Vorgänger hinterlässt schwere Hypothek
Sheinbaum, die zuvor Umweltministerin und dann Regierungschefin von Mexiko-Stadt war, liegt die Kärrnerarbeit mehr als die großen populistischen Würfe von López Obrador. „Ich bin jemand, der Entscheidungen auf der Grundlage von Daten und unverrückbaren Fakten trifft“, sagte sie einmal in einem Interview. Inhaltlich ist die neue Präsidentin aber eine Blackbox. Wird sie ähnlich autoritär und in Grundzügen anti-demokratisch regieren wie ihr Vorgänger? Oder wird sie eigene, moderne und feministische Akzente setzen? In den wenigen Interviews, die sie vor der Wahl gab, blieb sie schwammig. Der spanischen Tageszeitung „El País“ sagte sie: „Meine Führung des Landes wird so sein wie die als Regierungschefin von Mexiko-Stadt. „Basierend auf Ergebnissen, Engagement und Ehrlichkeit.“
Im Wahlkampf deutete sie aber an, dass erneuerbare Energien und eine dezidiert feministische Politik neue Schwerpunkte sein könnten. Beide Themen waren López Obrador ein Graus, zum einen, weil er den hoch verschuldeten staatlichen Ölkonzern PEMEX stärken wollte. Zum anderen hält er Feministinnen pauschal für Teil der „konservativen Elite“.
Sheinbaum kommt in schwierigen Zeiten an die Macht, in der es Mexiko zwar dank einer starken Wirtschaft, einer harten Währung und vielen Auslandsinvestitionen noch gut geht, aber sich das politische und ökonomische Umfeld gerade eintrüben. In den USA, dem Haupthandelspartner, könnte ihr Gegenüber zukünftig Donald Trump sein, der in der komplizierten Frage der chinesischen Investitionen in Mexiko noch mehr Druck ausüben könnte. Denn China versucht, das nordamerikanische Freihandelsabkommen USMCA zu nutzen und mit verstärktem Engagement in Mexiko die US-Strafzölle auf Industriegüter und Autos zu umgehen.
Ist sie wirklich links?
Zudem verschärft sich das Problem der Migration, weil jedes Jahr mehr als zwei Millionen Menschen aus mehrheitlich Zentral- und Südamerika Mexiko als Transitland auf dem Weg in die Vereinigten Staaten durchqueren.
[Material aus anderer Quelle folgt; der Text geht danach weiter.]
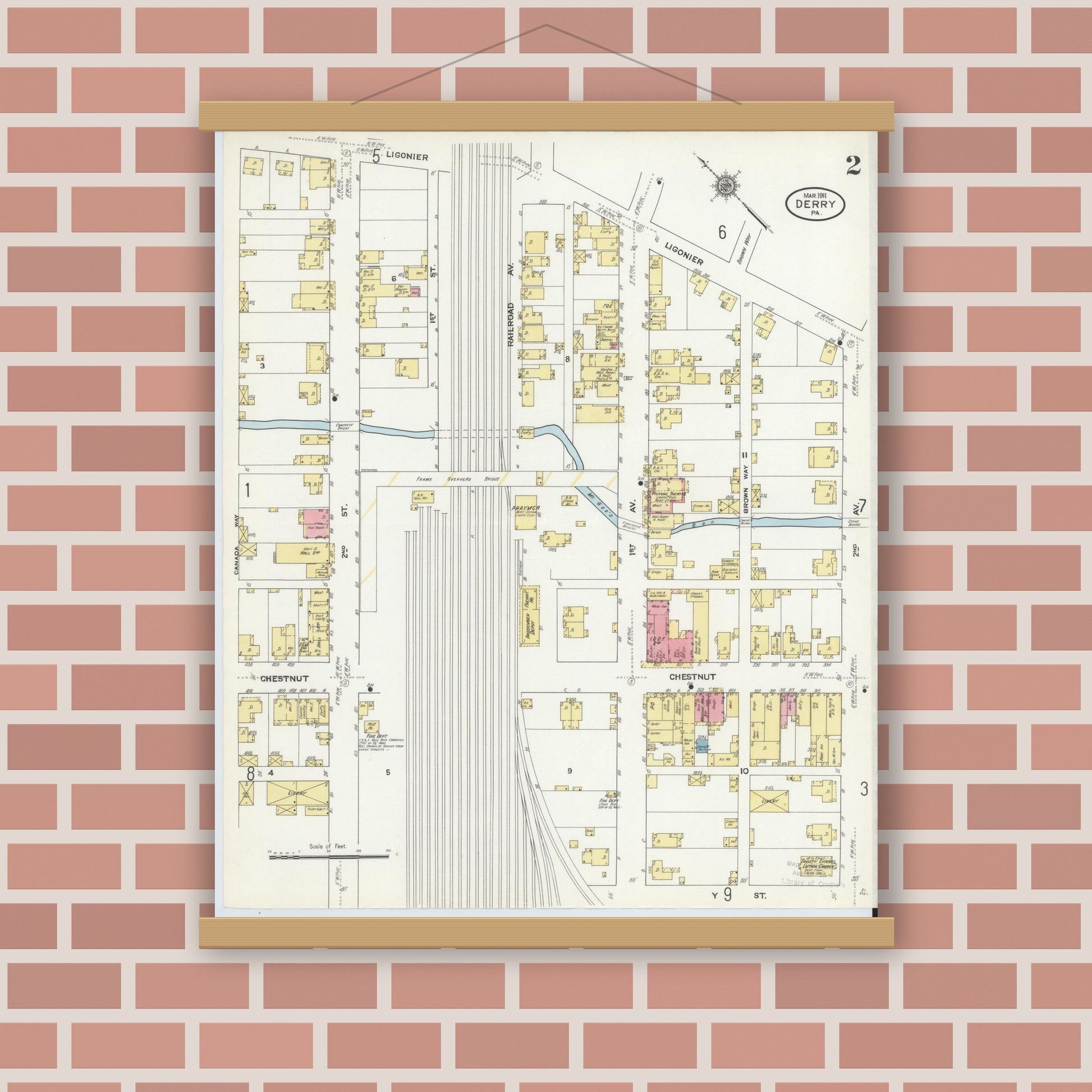 Old map wall art mockup — magnetic wood frame on brick wall — Sanborn Fire Insurance Map from Derry, Westmoreland County, Pennsylvania (1911), Sheet #0002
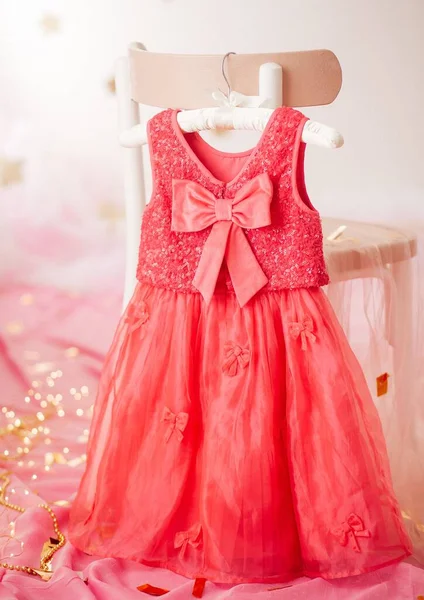 Vestido Criança Cabide Roupa Vestido Para Primeiro Aniversário Uma Menina — Fotografia de Stock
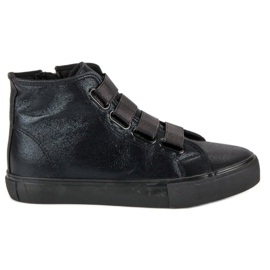 Sorte sneakers med elastik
Auch da droht schon vor der US-Wahl Stress mit dem nördlichen Nachbarn. Zudem ist der Drogenschmuggel ein Konfliktthema.
Bei dem Thema, das die meisten ihrer Landsleute sorgt, muss sie einen völlig neuen Ansatz entwickeln: die Gewaltkriminalität und das Organisierte Verbrechen. Hier hat López Obrador auf ganzer Linie versagt. Unter seiner Ägide sind die Kartelle mächtiger geworden, die Zahl der Ermordeten und Verschwundenen stieg dramatisch. Sheinbaum will der Kriminalität mit einem neuen Geheimdienst und Ermittlungsbehörden zur Entlastung der überforderten Staatsanwaltschaften begegnen.
Dem Schriftsteller Jorge Volpi ist wichtig, dass Sheinbaum die Expansion des Militärs und die Entmachtung der autonomen Kontrollorgane sowie der unabhängigen Justiz stoppt. „Ihr Programm enthält eine ganze Reihe von Projekten, die nicht im Entferntesten als links zu bezeichnen sind.“ Das seien vor allem die Fortsetzung der Militarisierung der Institutionen - die Armee kontrolliert und verwaltet schon heute den Bau von Infrastruktur, den Zoll und die Flughäfen. Die Ausdehnung der präventiven Untersuchungshaft sei zudem eine klare Verletzung der Menschenrechte, für die Mexiko bereits von internationalen Institutionen gerügt wurde, betont Volpi.